■ INSTRUCTIONS TO FOLLOW:
Would you transcribe only the lines below, from the one containing "101 056 mit" through the end of the material, exactly and with no pictures?

[Opening DATA SEGMENT section]

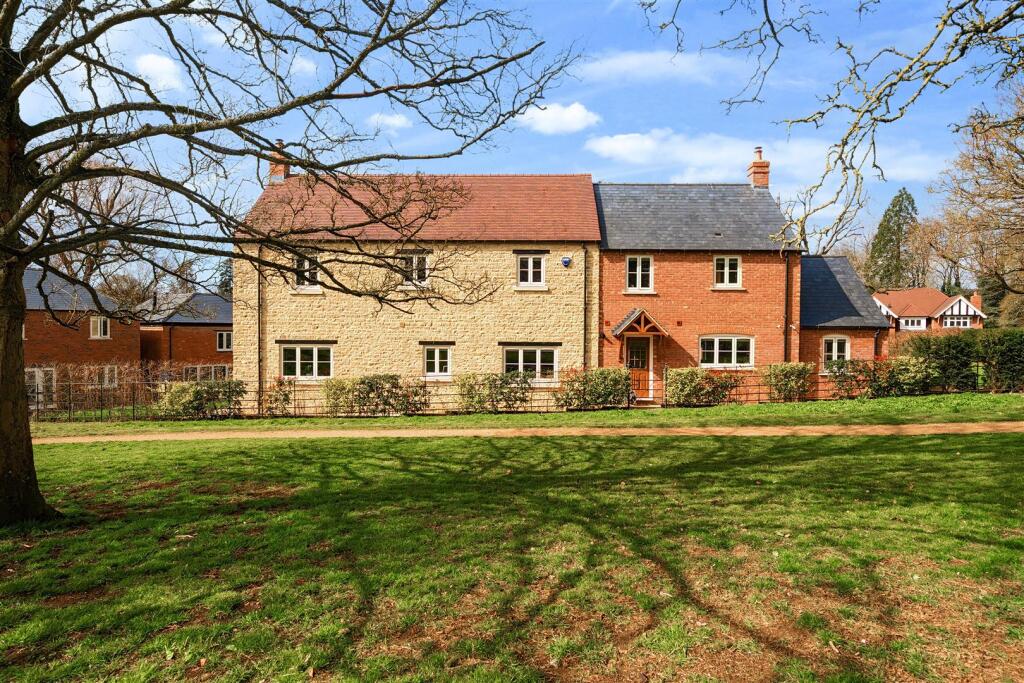 Park View House, 16 Earls Farm Way, Towcester (23)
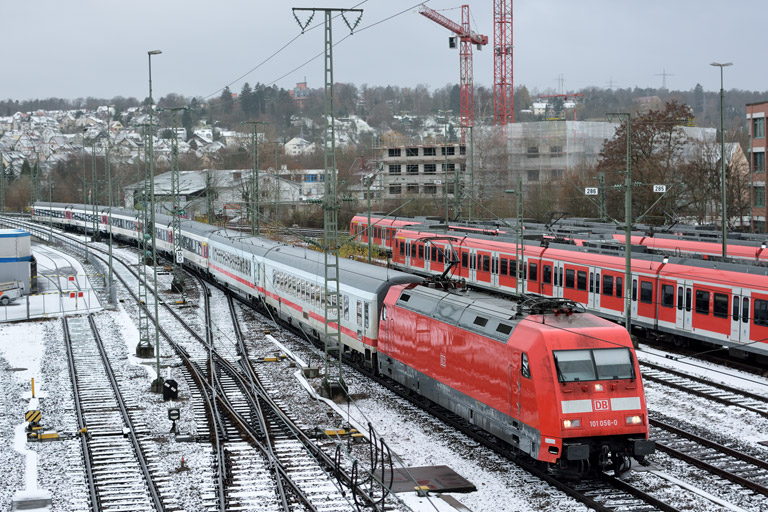 101 056 mit IC 282 bei km 16,0 (November 2015)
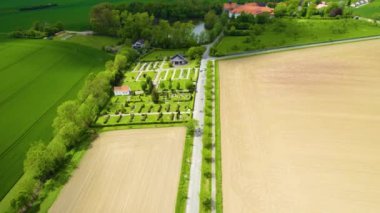  Güneşli bir bahar gününde Almanya 'daki eski bir şehir merkezinin havadan görünüşü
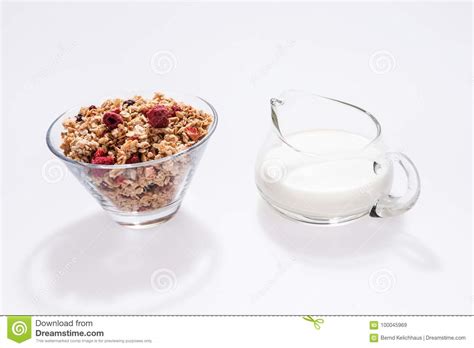 Muesli Con Las Frutas Y La Leche Rojas En Vidrio Imagen De Archivo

[Closing DATA SEGMENT section]

■ PROBLEM SOLUTION:
 101 056 mit IC 282 bei km 16,0 (November 2015)
  Güneşli bir bahar gününde Almanya 'daki eski bir şehir merkezinin havadan görünüşü
 Muesli Con Las Frutas Y La Leche Rojas En Vidrio Imagen De Archivo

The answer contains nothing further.